Trajet sans radio. Sans podcast. La route à blanc. Tête vide.
Se demander ce qu’on fiche là. Ouvrir la vitre : souffle d’été, goût de feu, persistance des embrasements. Tout continue, comme si de rien n’était.
Des jeunes foncent, le A collé au cul. Des camions bariolés, prénoms en néon. Crainte d’un contrôle. Le bouchon avant le rond-point, incompréhensible. Puis soudain, ça roule. 15h à Oullins. Faut refaire le plein. Décidé de rester calme.
Le banquier sera peut-être moite. Ne pas faire un geste. Fixer un point. Ses mains. Sa bouche. Que ça pèse. Rester digne.
Les impôts : message non lu. Nouvelle lettre, plus sèche.
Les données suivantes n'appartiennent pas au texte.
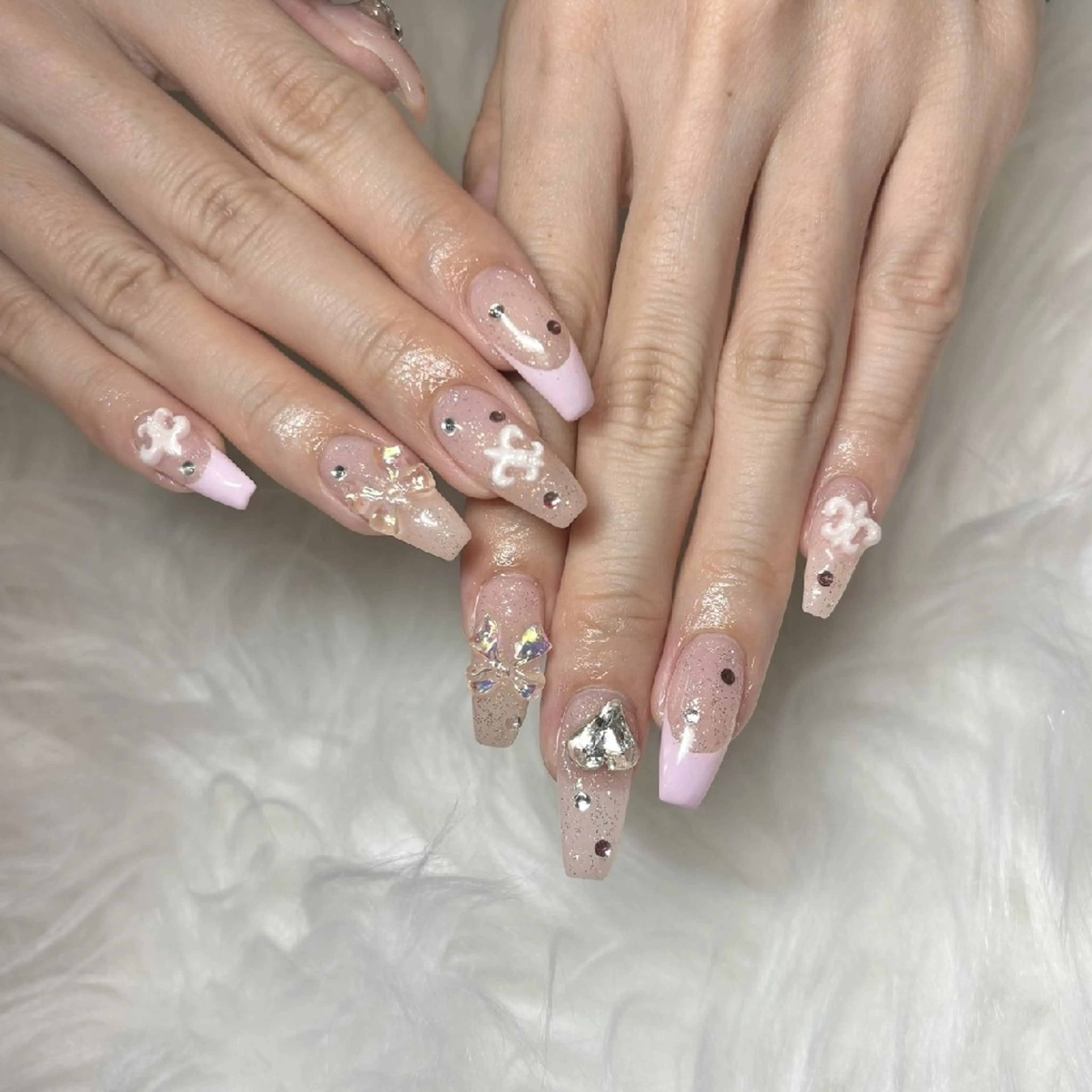 120分アートコース(オフあり)の写真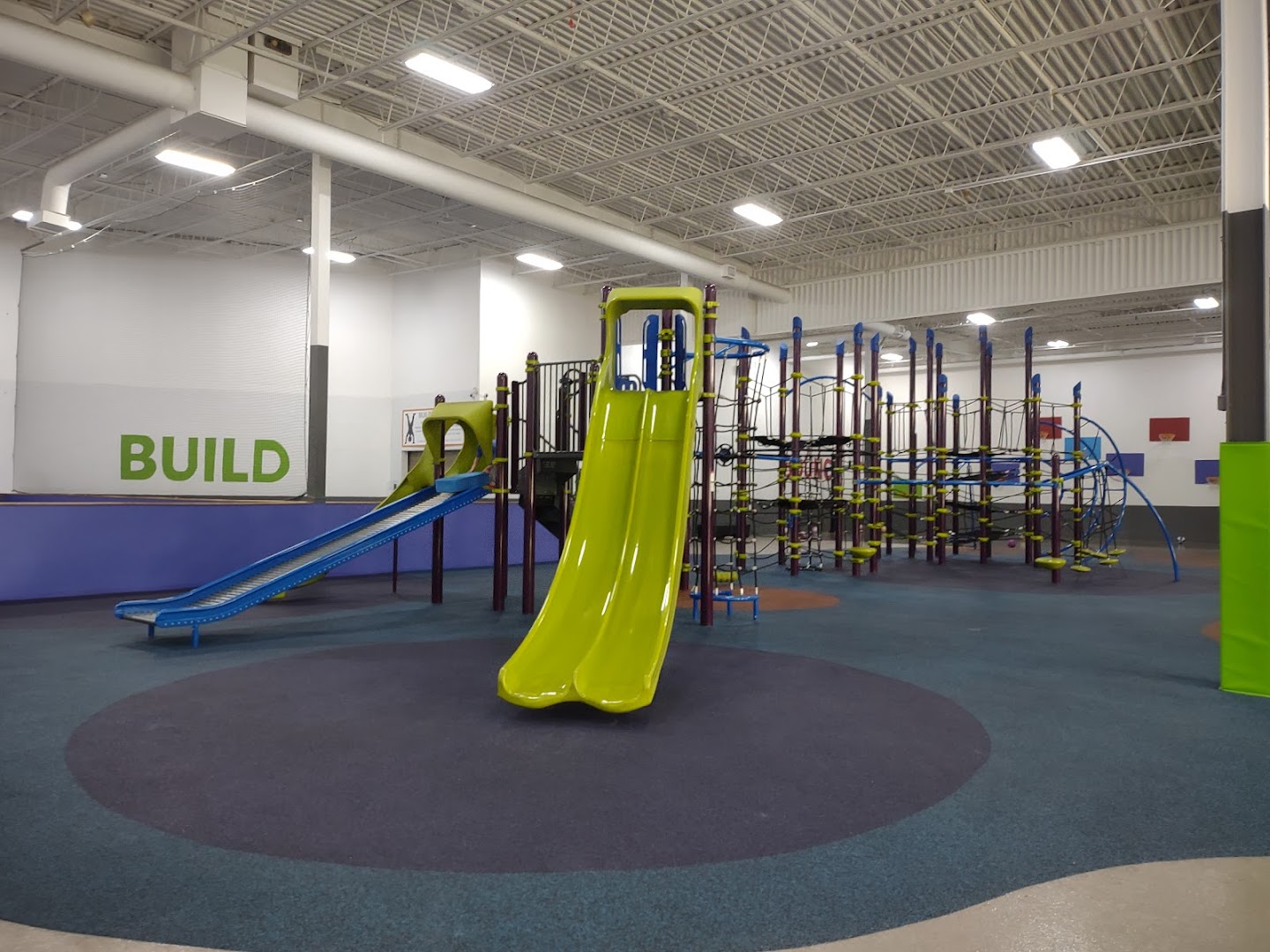 InnerActive Playground photo 3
Payez. Coup dans l’abdomen.
Urssaf, Trésor Public, la banque. Gauche, droite, crochet. Pas d’arbitre. Juste ce mot d’ordre : qu’on tombe.
Quitter le salariat ? Mal vu. On vous cogne. On vous charge. L’écho des conseils : « Prof libérale, tu peux tout déduire. » Oui. Si t’es carré. Si t’aimes la paperasse.
Mais toi, t’es le tapin du boulevard.
On parle pas du viol. Ni des coups. Ni des quinze tonnes dans la gueule. Ni des insomnies.
On dit : t’as de la chance, t’es à ton compte.
Merde.
Et en même temps, soulagement. Plus rien. Et ça suffit. Prêt à replonger.
Dans les ateliers, le don doublé. L’évasion. Le temps passe trop vite. Il fait nuit quand tu sors. Les carrosseries brillent. Une élève a oublié son sac. Son portable dedans. Tu le déposes à l’accueil, tu envoies un mail.
Tu l’imagines : chez elle, découvrant l’oubli. Une angoisse de plus.
L’inattention, c’est une fuite, bien sûr.
Palette d’Anders Zorn. Pas de bleu. Ras la casquette des bleus, des ecchymoses. Place aux terres. À la chair.
sous-conversation
… sans bruit… sans rien… juste rouler… faire comme si…
pas penser… surtout pas penser…
ça continue… toujours… le feu dans l’air…
et eux qui foncent… qui klaxonnent leur jeunesse…
le banquier… les lettres… toujours cette menace sourde…
pas de réponse… pas de regard… juste "payez"…
tu tiens… tu tiens… mais tu sais que tu vas tomber…
et pourtant… tu tiens… un peu… grâce aux autres…
à ceux qui viennent… aux élèves… aux visages… aux absences aussi…
le sac… oublié… l’angoisse… tu la sens, oui… c’est toi aussi…
et la palette… pas de bleu… trop vu… trop subi…
tu veux de la terre… du sang discret… du vrai…
pas les bleus de la guerre… pas ceux-là…
note de travail
Le texte commence comme un retrait du monde : plus de radio, plus de son. Mais ce silence n’est pas apaisant. Il est celui de la tension avant le combat.
Puis vient le déchaînement — administratif, institutionnel, symbolique. Les lettres non lues, les injonctions, les coups. Ce qui frappe ici, c’est la violence invisible : celle qu’on ne reconnaît pas comme telle. Celle qui ne laisse pas de traces, mais désarticule le sujet.
Il y a une rage immense, étouffée sous la dignité. La dignité devient ici une stratégie de survie. Fixer un point. Ne pas céder. Ne pas donner prise. Ne pas hurler.
Mais la fissure est là. Dans ce "merde" seul, en italique d’âme. Dans ce basculement qui suit : la réhabilitation par le geste, par l’atelier, par la transmission. Le soulagement tient à peu. À la lumière sur les carrosseries. À une élève qui oublie son sac.
C’est cela la beauté du texte : il ne cherche pas à dire qu’on va s’en sortir. Il montre comment on continue. Malgré tout. Même avec l’angoisse. Même avec l’inattention.
Et la dernière phrase est sublime. Refus du bleu. Refus des hématomes. Refus du drapeau. Juste les couleurs du corps. De la terre.
De ce qui tient encore, quand tout le reste s’effondre.